Of course, the perceived existential threat to Spain has an economic basis. Catalonia represents 19 per cent of the Spanish population, 20 per cent of its GDP, and nearly 20 per cent of all central government income. It is a net contributor to the Spanish exchequer since it currently receives only about 10 per cent of central government expenditures. A Declaration of Independence by Boris Johnson might have the same effect in Britain. The parlous state of Spain’s finances exacerbate the problem.
One commentator has described Catalonia as “the most Scandinavian Mediterranean country”. But despite being an industrial powerhouse, unemployment in Catalonia is only a few percentage points behind Spain’s overall rate of 26 per cent. Catalan critics of Madrid claim that a scheme introduced in 2010 to equalise the fiscal capacities of Spain’s 15 regions (excluding the Basque Country and Navarre) overcooked things, leaving Catalonia – the region with the fourth highest per capita GDP (behind Madrid, the Basque Country and Navarre) – with a fiscal capacity lower than the average for all regions. Where Catalonia sees injustice, Madrid sees selfishness. Whatever the economic rights and wrongs, the politics was not clever. On the face of the data Catalonia need have less fear of the economics of independence than Scotland.
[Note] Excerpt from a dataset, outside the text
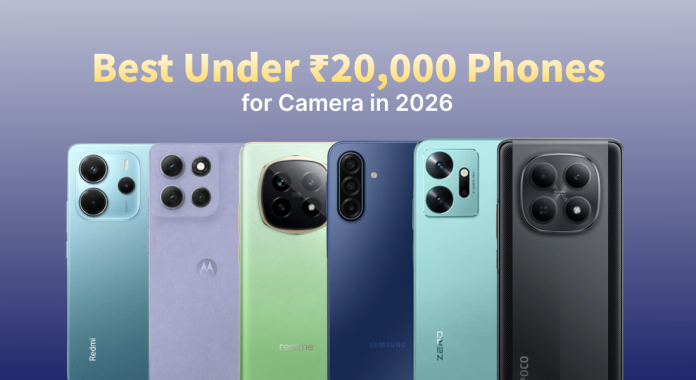 Best Under ₹20,000 Phones for Camera in 2026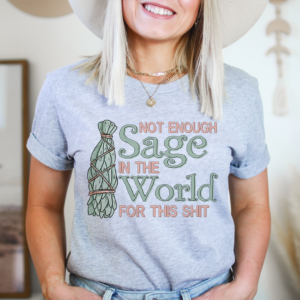 not enough sage in the world for this tee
Madrid has also been accused of treading on the eggshell of the Catalan language, strengthening Spanish language rights within Catalonia and interfering with Catalan language policy, especially in relation to immigrants. This is seen an important in a situation where only 58 per cent of the population are Catalan born (comparable, say, with north east Wales) with 24 per cent born in the rest of Spain and 17 per cent born abroad.
It is doubtful whether the mass of tourists that now swarm over Barcelona’s main attractions – Gaudi’s Sagrada Familia seems to be merely the world’s most spectacular and crowded roundabout – will be conscious of these strong currents of opinion and argument. Catalonia is not only the country of Gaudi, but also of Miro, Dali, Picasso, Casals, Caballe and Carreras. Yet when the Olympics made Barcelona a world famous city it perhaps eclipsed the country of which it is such a culturally vital capital. Political developments in the next year may change that. In the meantime Catalans will be watching Scotland closely.